The earlier cases referred to in Springwell are largely focussed on the conduct of the unsuccessful claimant (or counterclaimant as in the Rabobank case) and whether that party’s conduct was sufficient to justify an indemnity costs order against it. The requirement of unreasonable conduct on the part of the unsuccessful claimant and paying party is one way of expressing the critical requirement of conduct that is out of the norm or which, as Colman J put it in the Rabobank case, has crossed the frontier. For the purposes of the present case, the particular significance of Gloster J’s decision in Springwell is in the court taking a similar approach where it is the conduct of the action by the losing defendant that is in issue. The same considerations of unreasonableness in the conduct of the action arise where it is the defendant rather than the claimant who has made positive allegations of fraud and dishonesty but done so on a speculative basis. Mr Speaight QC did not seek to argue otherwise and the rules make clear that the conduct of all parties is material.
Mr Bowling submitted that these authorities demonstrate that the nature of the case itself or the nature of the allegations made may themselves justify an order for indemnity costs irrespective of the paying party’s conduct. That is one reading of these authorities (and consistent with Colman J’s observations about Tomlinson J’s individual grounds) but equally, in my view, in each case what the court was identifying was conduct (within the meaning given to that phrase in Part 44.2(5)) which the court considered could and should be marked by an order for indemnity costs.

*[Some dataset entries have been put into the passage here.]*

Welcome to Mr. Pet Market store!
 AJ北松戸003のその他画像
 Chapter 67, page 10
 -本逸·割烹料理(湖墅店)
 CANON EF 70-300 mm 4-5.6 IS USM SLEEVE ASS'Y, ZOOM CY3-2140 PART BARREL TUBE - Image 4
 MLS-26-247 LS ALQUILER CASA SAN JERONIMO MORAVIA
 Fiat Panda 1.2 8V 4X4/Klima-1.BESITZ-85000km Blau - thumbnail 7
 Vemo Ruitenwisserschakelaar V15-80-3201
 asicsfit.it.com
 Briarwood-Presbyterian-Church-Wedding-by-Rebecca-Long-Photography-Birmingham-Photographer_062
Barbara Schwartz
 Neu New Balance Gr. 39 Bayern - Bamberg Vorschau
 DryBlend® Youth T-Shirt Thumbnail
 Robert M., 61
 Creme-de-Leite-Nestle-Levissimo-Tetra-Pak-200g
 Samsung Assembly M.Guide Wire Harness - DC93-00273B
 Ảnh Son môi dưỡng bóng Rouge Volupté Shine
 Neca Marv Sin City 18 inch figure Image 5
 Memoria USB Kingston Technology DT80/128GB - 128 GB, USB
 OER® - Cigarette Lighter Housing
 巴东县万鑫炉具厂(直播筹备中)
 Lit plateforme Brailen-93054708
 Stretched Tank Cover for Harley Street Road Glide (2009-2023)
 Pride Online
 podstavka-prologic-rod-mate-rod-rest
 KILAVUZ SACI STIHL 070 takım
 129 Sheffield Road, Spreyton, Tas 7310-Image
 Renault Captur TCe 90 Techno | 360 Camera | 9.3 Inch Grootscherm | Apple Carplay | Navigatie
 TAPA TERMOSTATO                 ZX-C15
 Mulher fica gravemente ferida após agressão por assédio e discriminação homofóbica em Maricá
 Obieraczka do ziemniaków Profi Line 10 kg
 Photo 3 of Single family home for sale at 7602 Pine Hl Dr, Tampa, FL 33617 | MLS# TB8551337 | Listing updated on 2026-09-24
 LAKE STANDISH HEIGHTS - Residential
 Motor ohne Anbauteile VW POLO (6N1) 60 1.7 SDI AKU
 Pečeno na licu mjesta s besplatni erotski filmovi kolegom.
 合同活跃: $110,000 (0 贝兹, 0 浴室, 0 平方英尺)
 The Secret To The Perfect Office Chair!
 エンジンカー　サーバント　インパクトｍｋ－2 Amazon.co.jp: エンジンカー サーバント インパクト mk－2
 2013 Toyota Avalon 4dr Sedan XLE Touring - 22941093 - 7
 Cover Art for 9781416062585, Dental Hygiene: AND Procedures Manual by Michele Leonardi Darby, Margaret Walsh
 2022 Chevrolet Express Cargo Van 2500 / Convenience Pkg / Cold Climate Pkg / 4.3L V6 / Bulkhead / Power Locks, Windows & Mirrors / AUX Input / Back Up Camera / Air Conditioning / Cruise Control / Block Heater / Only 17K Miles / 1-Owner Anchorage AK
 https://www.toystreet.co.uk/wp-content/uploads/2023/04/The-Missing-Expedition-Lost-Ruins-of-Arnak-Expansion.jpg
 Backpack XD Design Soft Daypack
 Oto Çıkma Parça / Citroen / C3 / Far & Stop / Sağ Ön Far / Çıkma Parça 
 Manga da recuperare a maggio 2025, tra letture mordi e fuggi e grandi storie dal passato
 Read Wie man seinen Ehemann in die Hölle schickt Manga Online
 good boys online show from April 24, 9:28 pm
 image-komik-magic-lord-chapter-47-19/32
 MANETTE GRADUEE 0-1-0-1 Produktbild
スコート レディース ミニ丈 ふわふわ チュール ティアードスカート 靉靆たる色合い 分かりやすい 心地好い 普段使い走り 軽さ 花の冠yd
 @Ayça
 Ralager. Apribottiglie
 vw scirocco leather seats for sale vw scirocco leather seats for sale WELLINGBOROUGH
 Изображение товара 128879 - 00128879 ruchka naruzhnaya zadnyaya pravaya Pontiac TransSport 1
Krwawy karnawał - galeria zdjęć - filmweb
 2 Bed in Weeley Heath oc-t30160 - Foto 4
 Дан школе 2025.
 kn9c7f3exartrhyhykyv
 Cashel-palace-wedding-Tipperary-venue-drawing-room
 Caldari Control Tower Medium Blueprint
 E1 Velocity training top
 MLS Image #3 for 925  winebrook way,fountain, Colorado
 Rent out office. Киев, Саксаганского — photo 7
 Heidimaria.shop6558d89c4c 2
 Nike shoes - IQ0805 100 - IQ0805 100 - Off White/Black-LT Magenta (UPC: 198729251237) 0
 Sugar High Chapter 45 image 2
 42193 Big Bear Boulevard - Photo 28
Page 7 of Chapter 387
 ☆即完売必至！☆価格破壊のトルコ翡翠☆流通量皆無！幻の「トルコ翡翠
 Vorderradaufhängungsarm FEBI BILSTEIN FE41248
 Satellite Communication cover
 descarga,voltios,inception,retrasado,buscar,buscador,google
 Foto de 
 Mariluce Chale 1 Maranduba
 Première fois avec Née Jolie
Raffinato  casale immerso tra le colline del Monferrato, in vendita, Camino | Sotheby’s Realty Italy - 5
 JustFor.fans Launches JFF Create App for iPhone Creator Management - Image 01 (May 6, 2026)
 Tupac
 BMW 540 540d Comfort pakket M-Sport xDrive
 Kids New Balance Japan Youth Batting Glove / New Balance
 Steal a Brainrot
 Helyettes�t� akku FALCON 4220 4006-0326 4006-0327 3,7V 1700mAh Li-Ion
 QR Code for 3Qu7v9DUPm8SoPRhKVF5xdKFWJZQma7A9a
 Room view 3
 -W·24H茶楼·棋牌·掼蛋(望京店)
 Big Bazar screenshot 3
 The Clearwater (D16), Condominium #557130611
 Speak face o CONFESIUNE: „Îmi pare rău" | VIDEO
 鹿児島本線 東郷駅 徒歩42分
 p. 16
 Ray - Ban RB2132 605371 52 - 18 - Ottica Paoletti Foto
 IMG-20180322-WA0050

Parties should not expect to face allegations that are thin and nebulous, made by another party “in the hope that something will turn up”. If a party puts its case on such a basis and loses, it takes the risk of an indemnity costs order, all the more so if the allegations are ones of serious misconduct such as allegations of fraud and dishonesty. As Morgan J put it in Digicel (St Lucia) Ltd. v Cable & Wireless plc [2010] EWHC 888
(Ch) at [68], the question is whether the criticisms of a party’s conduct are sufficiently made out that it has forfeited the benefit of an assessment on a proportionate basis and forfeited the right to have the benefit of the doubt on reasonableness.
The parties’ contentions
The claimants’ case
The background to this application is, therefore, the wide ranging and diffuse allegations of bribery, fraudulent conspiracy and dishonest assistance made by the defendant in the circumstances more fully set out in my substantive judgment.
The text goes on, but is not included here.